Jury Winner: Linda (Argentina)
The eponymous maid (played by Eugenia “China” Suárez) in Linda, Mariana Wainstein’s first feature, takes a job as a domestic worker for a wealthy Argentine family while her cousin is recovering from an accident. Slowly, each member of the family — the adolescent son and daughter, the mother, and the father — is upended by Linda’s beauty, each responding in a distinctly shocking and laughable way. An elegant home, stocked with fine wines that the family members are obsessed with, serves as the location for a pointed commentary on class, power, and the disconcerting nature of the male gaze. Director Wainstein pays close attention to the subtleties of behavior: a sniff of perfume, a touch of a hand, a suggestive conversation. And she trusts the audience to pick up on clues and make their own judgments. Linda’s undefined intentions (and meager backstory) draw us deeper into the mystery of her motives and as well as the family’s peccadillos. The well-off are not portrayed as oppressors, but as privileged bourgeoisie frustrated by repressed sexual desire. They allow Linda to wear street clothes rather than a maid’s uniform and, for a time, patient with her unwillingness to conform to the standard restrictions of her role. Linda, about whom we know little until the very end, dutifully goes about her chores, ignoring the family’s erotic overtures with cold indifference – until she doesn’t.
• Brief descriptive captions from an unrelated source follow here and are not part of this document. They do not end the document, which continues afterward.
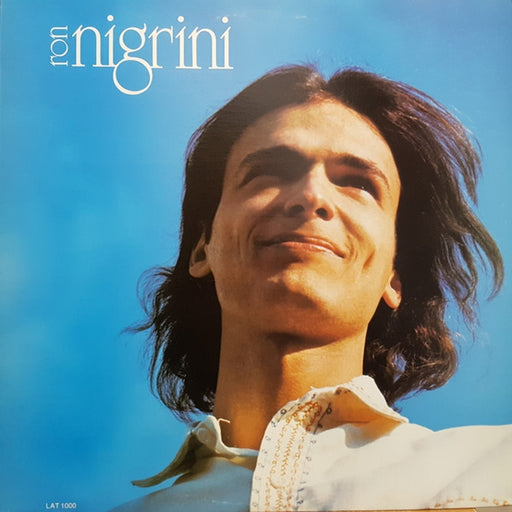Ron Nigrini – Ron Nigrini (LP, Vinyl Record Album)
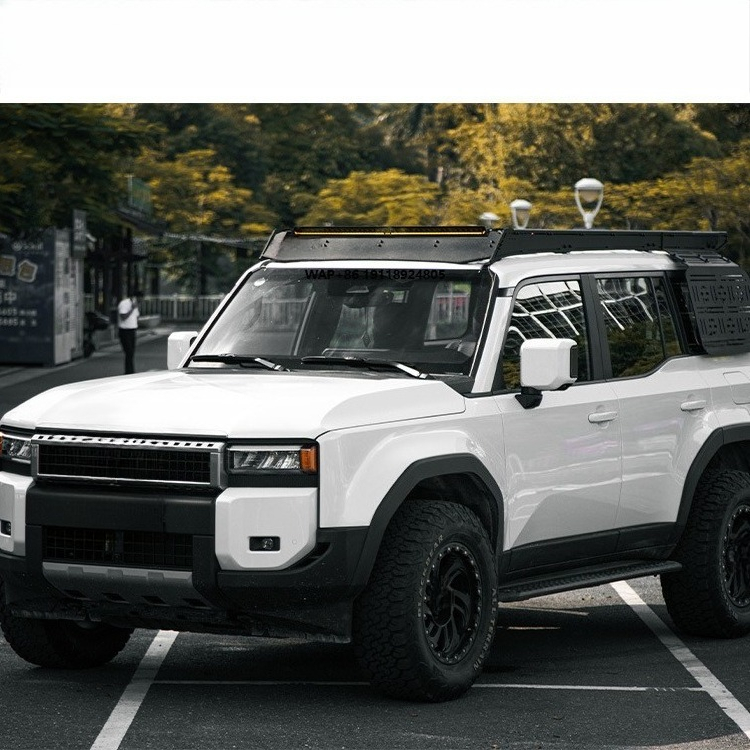Travel Accessories Wholesale Suppliers - Rak Atap Pabrik untuk SUV GX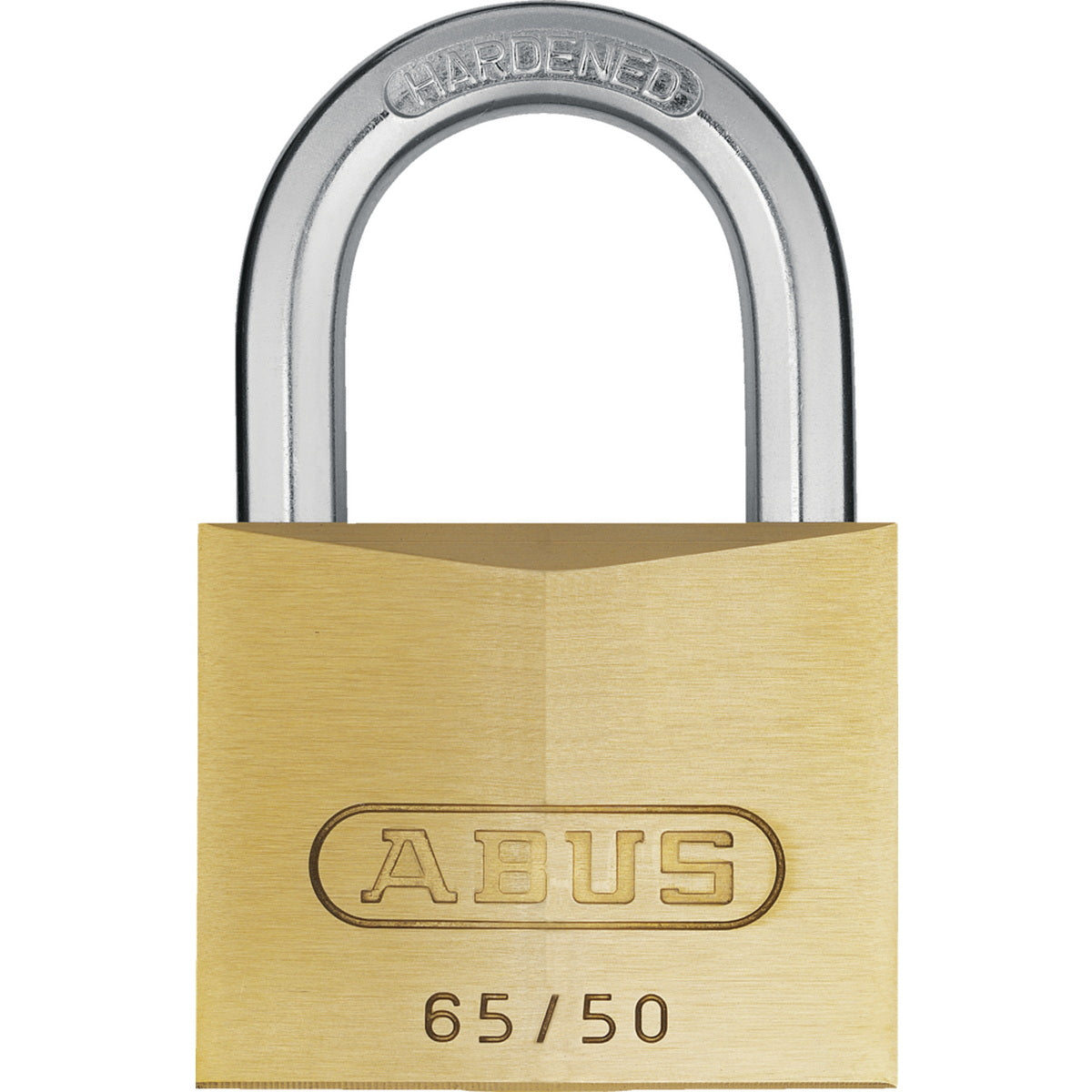 Abus 65/50 Λουκέτο Ασφαλείας Ορειχάλκινο 50mm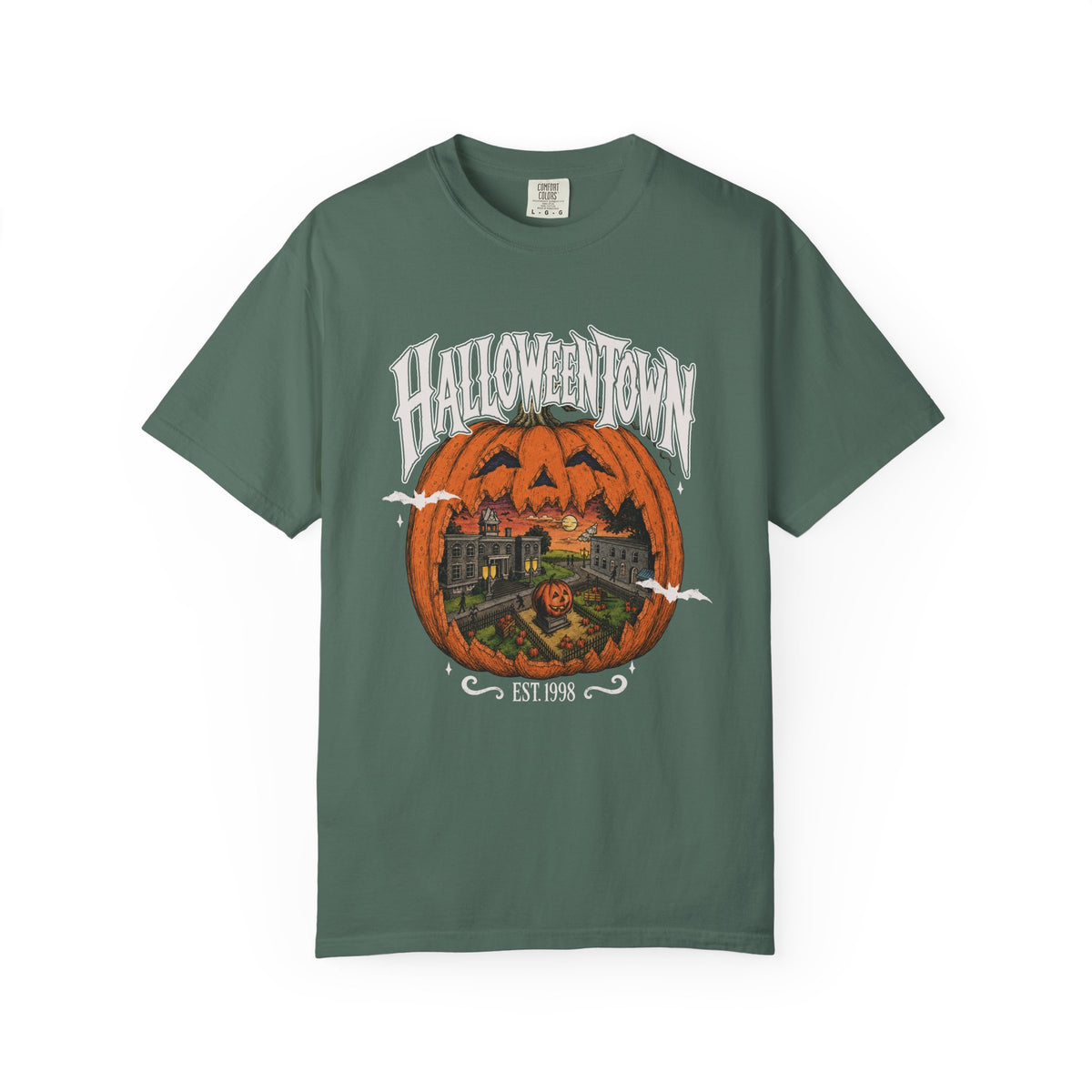 Halloweentown Tee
Runner-Up Jury Winner: Moloka’i Bound
An independent film festival presents works that expose audiences to diverse voices, to alternative political and social points of view, and to different ways of understanding the world. Moloka’i Bound exemplifies that ideal. Directed, written, and produced by Alika Maikau, the feature revolves around a father, Kainoa De Silva, who was recently incarcerated after having decided to deal drugs to support his family. The story is familiar, but Maikau’s patient narrative interweaves social issues with family dynamics. The director’s mother was raised in Moloka’i, where some of his family still reside. The film blends English and Pidgin, and underplayed performances are supplied by the all-Hawaiian cast, led by Holden Mandrial-Santosas as Kainoa. Maikau’s alluring film immerses us in the land, the language, the food, and the details of Hawaiian life hidden away from tourists.

A scene from Peacock. Photo: Geyrhalter Film/CALA Film/Albin Wildner
Audience Choice Best Narrative Film: Peacock (Austrian-German)
Albrecht Schuch, who played a supporting role in the 2022 German version of All Quiet on the Western Front, takes on quite a different character in Bernhard Wenger’s debut feature, Peacock. Matthias is a man whose gift is his austere agreeableness. He makes a fine living by working for a rent-a-friend firm owned by an acquaintance. The agency sends him to serve as a companion for lonely people who can afford to pay for an artificial relationship. The job draws on Matthias’s passive disposition; his wife, frustrated by his lack of emotion, finally decides to leave him.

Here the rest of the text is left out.